Торвальдсен рассказывает: в монастырской библиотеке хранится восковая маска, снятая с лица Торкватто после смерти; там же показывают чернильницу поэта и заключенный в рамку сонет, написанный его рукой.
— Маска снята с мертвеца, а здесь рука поэта. Я хочу сделать памятник Тассо, но не по этой маске, а по его стихам…
Брюллов слушает внимательно: полковник Львов заказал ему картину «Эрминия у пастухов» на сюжет из «Освобожденного Иерусалима».
…Все вдруг кинулись читать Торкватто Тассо, в жизни и стихах поэта каждый с изумлением и восторгом находил свое. Строки, вчера звучавшие обыденно, приобретали особенный и важный смысл. В монастырской церкви, налево от входа, тихая и строгая эпитафия гласила: «Здесь покоится прах Торкватто Тассо. Для того, чтобы ты это знал, посетитель, монахи этой церкви начертали эту надпись». Римский издатель порадовал соотечественников тридцатью томами полного собрания произведений Тассо и, уступая настояниям покупателей, оказался вынужден напечатать еще пять томов избранного. В других европейских странах, и даже иных державах Востока, трудились над переводами. Русский перевод «Освобожденного Иерусалима» в видах совершенной точности был выполнен поэтом Шишковым в прозе.

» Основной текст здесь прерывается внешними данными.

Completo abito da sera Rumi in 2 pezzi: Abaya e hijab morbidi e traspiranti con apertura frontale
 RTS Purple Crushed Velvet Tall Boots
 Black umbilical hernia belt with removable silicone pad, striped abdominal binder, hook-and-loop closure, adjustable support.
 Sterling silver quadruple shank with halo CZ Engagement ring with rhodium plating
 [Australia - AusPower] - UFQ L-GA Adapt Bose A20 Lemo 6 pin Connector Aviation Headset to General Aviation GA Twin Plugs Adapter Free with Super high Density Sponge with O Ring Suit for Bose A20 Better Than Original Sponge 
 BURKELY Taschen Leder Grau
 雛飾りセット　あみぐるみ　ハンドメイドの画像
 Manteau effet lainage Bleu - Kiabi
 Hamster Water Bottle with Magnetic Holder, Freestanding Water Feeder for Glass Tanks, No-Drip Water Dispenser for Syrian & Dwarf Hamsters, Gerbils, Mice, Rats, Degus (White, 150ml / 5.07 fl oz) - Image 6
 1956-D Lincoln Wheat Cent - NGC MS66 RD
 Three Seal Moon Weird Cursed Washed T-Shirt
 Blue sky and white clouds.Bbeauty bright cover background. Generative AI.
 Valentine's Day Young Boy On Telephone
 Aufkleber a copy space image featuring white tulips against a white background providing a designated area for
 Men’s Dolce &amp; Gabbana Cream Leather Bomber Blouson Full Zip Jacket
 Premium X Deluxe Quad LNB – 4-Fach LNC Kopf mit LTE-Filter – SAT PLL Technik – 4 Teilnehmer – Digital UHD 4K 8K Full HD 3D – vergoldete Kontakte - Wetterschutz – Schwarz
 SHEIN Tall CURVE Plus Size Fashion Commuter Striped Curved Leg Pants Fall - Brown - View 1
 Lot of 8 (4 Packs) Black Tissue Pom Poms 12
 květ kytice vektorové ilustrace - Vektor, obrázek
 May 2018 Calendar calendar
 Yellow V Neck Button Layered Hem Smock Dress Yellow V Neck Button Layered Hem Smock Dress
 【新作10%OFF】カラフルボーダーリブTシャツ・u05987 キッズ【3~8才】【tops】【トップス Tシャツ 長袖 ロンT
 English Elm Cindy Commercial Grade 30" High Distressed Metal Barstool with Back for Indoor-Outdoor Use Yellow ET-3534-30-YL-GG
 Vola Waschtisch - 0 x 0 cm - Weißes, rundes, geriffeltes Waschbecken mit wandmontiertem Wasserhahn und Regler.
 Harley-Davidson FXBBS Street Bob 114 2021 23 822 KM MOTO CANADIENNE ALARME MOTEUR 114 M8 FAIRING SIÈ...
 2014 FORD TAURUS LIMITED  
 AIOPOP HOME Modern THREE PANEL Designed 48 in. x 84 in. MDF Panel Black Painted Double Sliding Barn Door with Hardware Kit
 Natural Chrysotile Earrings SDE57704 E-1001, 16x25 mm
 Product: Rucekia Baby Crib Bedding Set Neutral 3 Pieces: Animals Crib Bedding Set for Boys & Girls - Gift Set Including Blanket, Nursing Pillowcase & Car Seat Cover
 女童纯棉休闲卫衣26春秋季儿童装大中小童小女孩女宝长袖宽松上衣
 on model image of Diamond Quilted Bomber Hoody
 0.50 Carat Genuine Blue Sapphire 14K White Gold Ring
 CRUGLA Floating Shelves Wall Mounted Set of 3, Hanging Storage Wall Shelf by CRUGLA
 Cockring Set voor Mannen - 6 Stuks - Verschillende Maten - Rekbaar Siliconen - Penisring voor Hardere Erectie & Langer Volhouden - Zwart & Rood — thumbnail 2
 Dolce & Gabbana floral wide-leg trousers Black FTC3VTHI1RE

Брюллов читает песнь седьмую поэмы. Верный конь вынес из боя воинственную царевну Эрминию и примчал под тенистые деревья древнего леса; здесь она, изнеможенная, уснула глубоким сном. Утром сквозь тихий шум вод и древес услышала Эрминия ясные, слух ее поразившие звуки, «кои действительно были пастушеские песни, смешанные с игранием на свирели. Она встает, подходит к ним тихими шагами и видит седого мужа в приятной тени плетущего близ стада свои корзины и внимающего трем поющим юношам». Пастухи, изумленные, даже испуганные появлением царевны-воительницы, прервали свои занятия, но она успокаивает их ласковым жестом, говоря: «Продолжайте свою работу: сии оружия мои не возмутят сельских ваших трудов и забот».
…Рано утром пастухи, свистя в дудки, гонят коз по улицам Рима. Женщина бросает пастуху монету из окна, — он останавливается, тут же, присев на корточки, ловко доит козу и протягивает синьоре помятый медный котелок, наполненный молоком густым и сладким. Перед уличной торговкой громоздятся на прилавке зеленые, красные, оранжевые пирамиды овощей, разбросаны пучки пахучих трав и кореньев; рядом, в тени забора, вольно раскинулся, прямо на земле, в пыли, ее сын, черноглазый отрок, — беспечно напевая, плетет высокую корзину из камыша. За две недели до рождества спускаются с гор одетые в куртки из козьих шкур и грубые шерстяные плащи пифферари — волынщики: со своей немудреной музыкой они бродят по улицам города, исполняя серенады перед изображениями мадонны, повсюду укрепленными на стенах домов, на столбах ворот, в окнах лавок…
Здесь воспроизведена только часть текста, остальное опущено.